── Supplied records

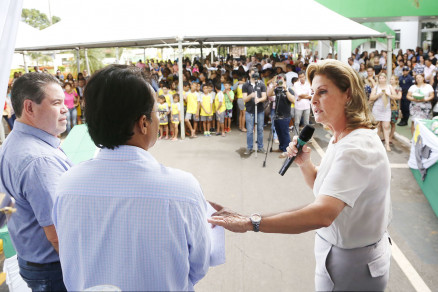 A prefeita de Vrzea Grande Lucimar Campos discursa durante o evento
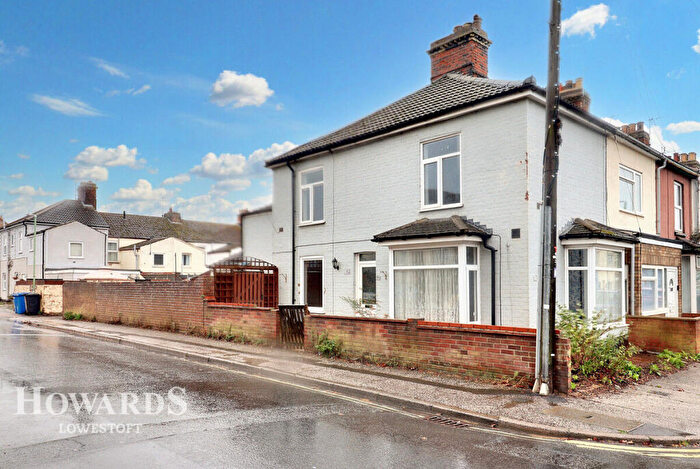 3 Bedroom End Of Terrace House For Sale In Seago Street, Lowestoft, NR32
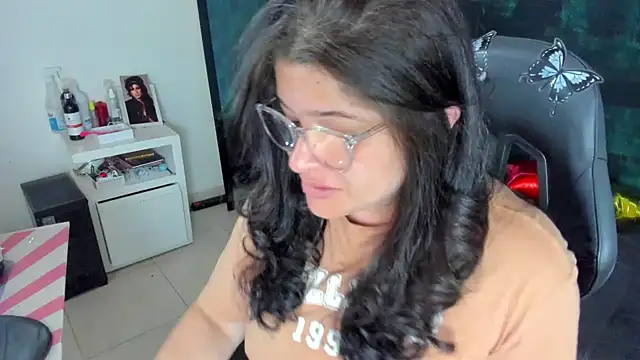 Snapshot of BellaFlaming chatting on January 2025 11:51:01 AM BellaFlaming online show from January 2025 11:51:01 AM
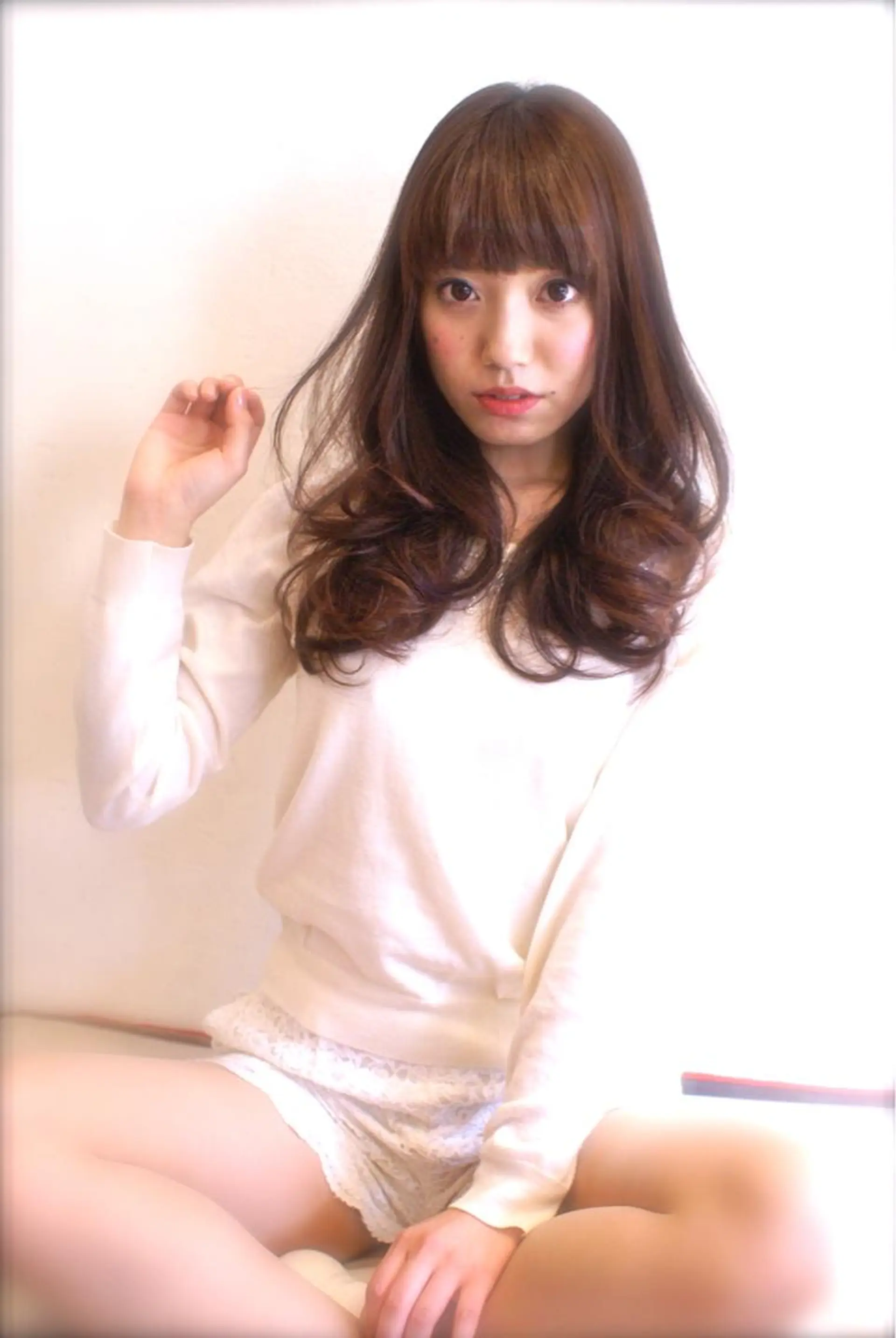 セミロング カラー パーマ シンプル+αな デザインを 松崎陸のヘアスタイル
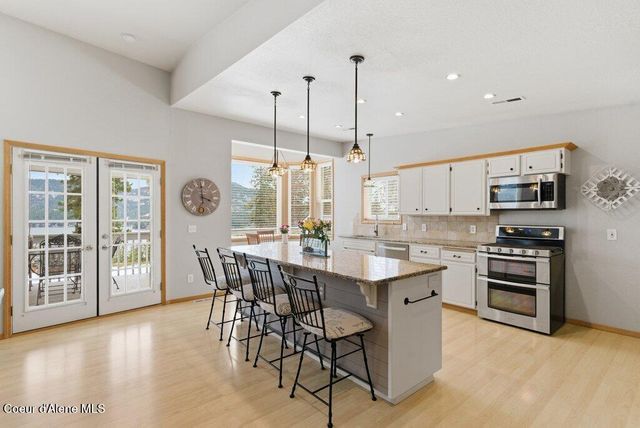 4263 E Burchell DR, Hayden, ID 83835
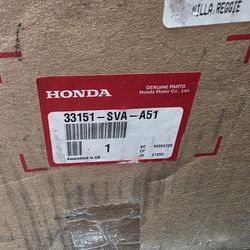 Brand new oem honda 2009-2011 left headlight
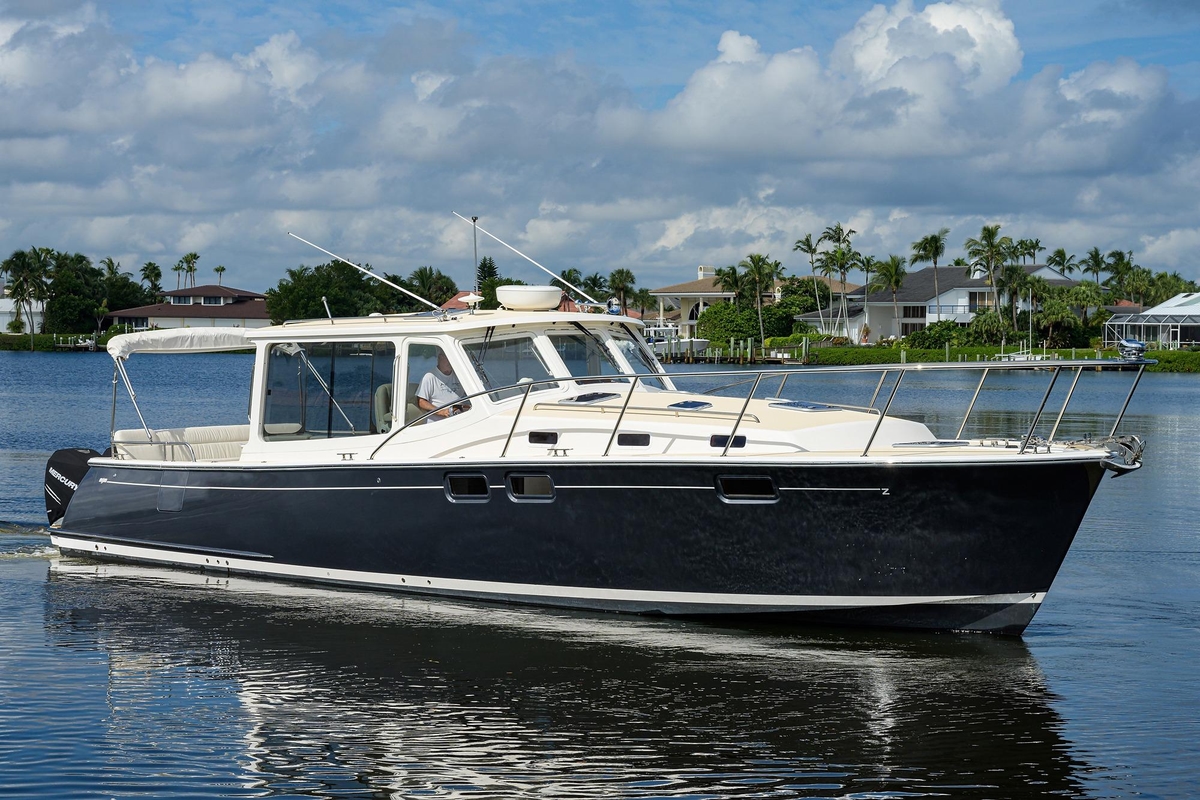 2019 MJM 43z - Sold Boat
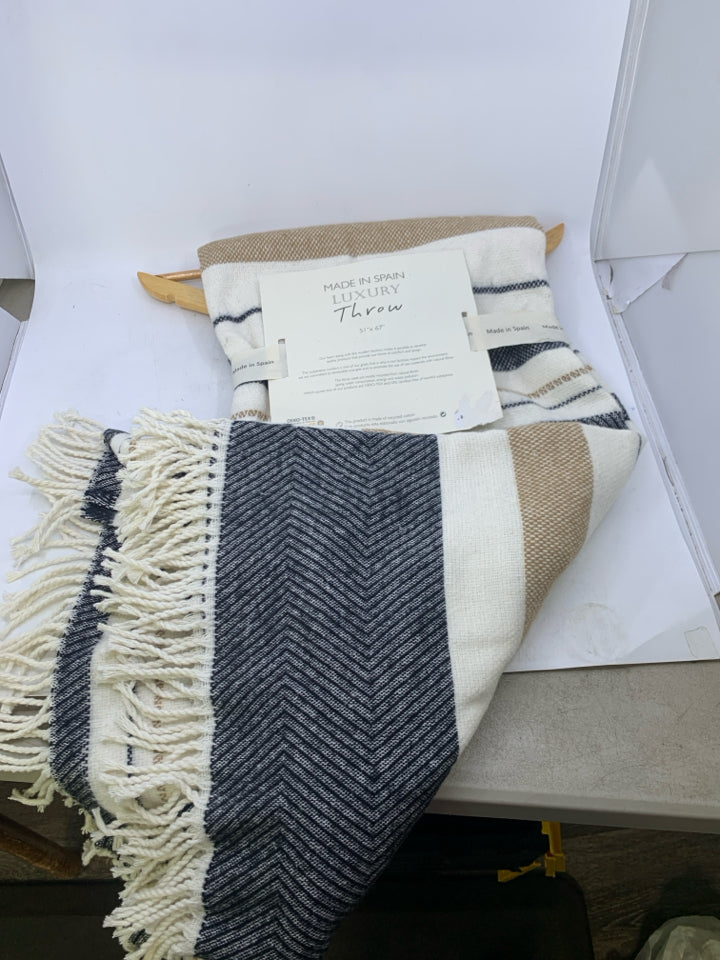 NIP STRIPED TAN/BLACK WHITE MADE IN SPAIN.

────

▸ **Problem details**: Set out, exactly as given, the line that contains "4263 E Burchell DR, Hayden, ID 83835" along with each line after it through the end of the records above; omit the pictures.

▸ **Answer for the task**:
 4263 E Burchell DR, Hayden, ID 83835
 Brand new oem honda 2009-2011 left headlight
 2019 MJM 43z - Sold Boat
 NIP STRIPED TAN/BLACK WHITE MADE IN SPAIN.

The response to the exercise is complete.